Subgroups of cyclic groups
The following two propositions determine every subgroup of every cyclic group.
Subgroup of \( \mathbb{Z} \)
Let \( G \) be a subgroup of \( \mathbb{Z} \). Then \( G = d\mathbb{Z} \) for some \( d \geq 0 \).
Subgroup of \( \mathbb{Z}/n\mathbb{Z} \)
Let \( G \) be a subgroup of \( \mathbb{Z}/n\mathbb{Z} \) for some \( n \geq 0 \). Then \( G = \mathbb{Z}/d\mathbb{Z} \) for some \( d \geq 0 \) with \( d \mid n \).
Can you recall the proofs?
Poof idea
Search for the smallest positive element in \( G \). Start by choosing any element \( b \in G \). Search for a smaller element by considering \( b - a \) for every \( a \in G \). Eventually, you will find an element \( c \in G \) that is both the smallest positive element in \( G \) and divides every other element in \( G \).

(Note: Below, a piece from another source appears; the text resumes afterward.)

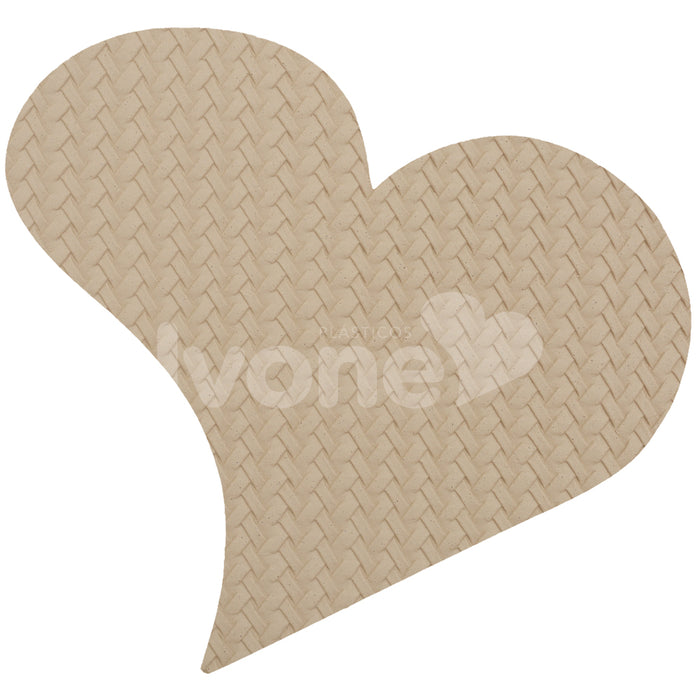 MILANO K DELUXE FUNDO MALHA COR MARFIM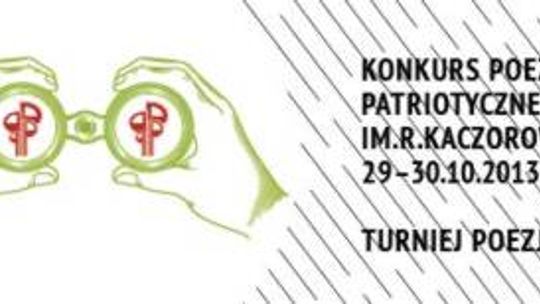 Turniej poezji i prozy – konkurs recytatorski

Proof. Let \( G \subseteq \mathbb{Z} \) be a subgroup. If \( G = \{0\} \), then \( G = 0\mathbb{Z} \). Otherwise, let \( b \in G \) be a nonzero element of \( G \). With \( b \in G \), we alse have \( -b \in G \), and so we can say that \( G \) contains positive integers. With positive integers in \( G \), we can ask for the smallest positive integer in \( G \), thanks to the well-ordering principle of \( \mathbb{Z} \). Let \( d \) be the smallest positive integer in \( G \). We will show that \( G = d\mathbb{Z} \). First, we have \( d\mathbb{Z} \subseteq G \), as \( d \) is in \( G \) and \( d\mathbb{Z} \) is the smallest subgroup of \( \mathbb{Z} \) containing \( d \). Second, we have \( G \subseteq d\mathbb{Z} \). To see this, let \( a \in G \). By the division algorithm, we can write \( a = qd + r \) for some integers \( q \) and \( r \) with \( 0 \leq r < d \). Since \( a \) and \( qd \) are in \( G \), we have \( r = a - qd \in G \). Since \( r \) is a positive integer less than \( d \), we must have \( r = 0 \), as \( d \) is the smallest positive integer in \( G \). Thus, \( a = qd \in d\mathbb{Z} \). Therefore, \( G \subseteq d\mathbb{Z} \), and we have \( G = d\mathbb{Z} \).
Proof idea
The same idea above can be repeated here. Aluffi, on the other hand, takes a more interesting approach that uses earlier results. He considers passing a subgroup back through the quotient map from \( \mathbb{Z} \) to \( \mathbb{Z}/n\mathbb{Z} \). The result must be a subgroup of \( \mathbb{Z} \), and so it must be of the form \( d\mathbb{Z} \), by the above proposition. Then, he shows that \( d \mid n \).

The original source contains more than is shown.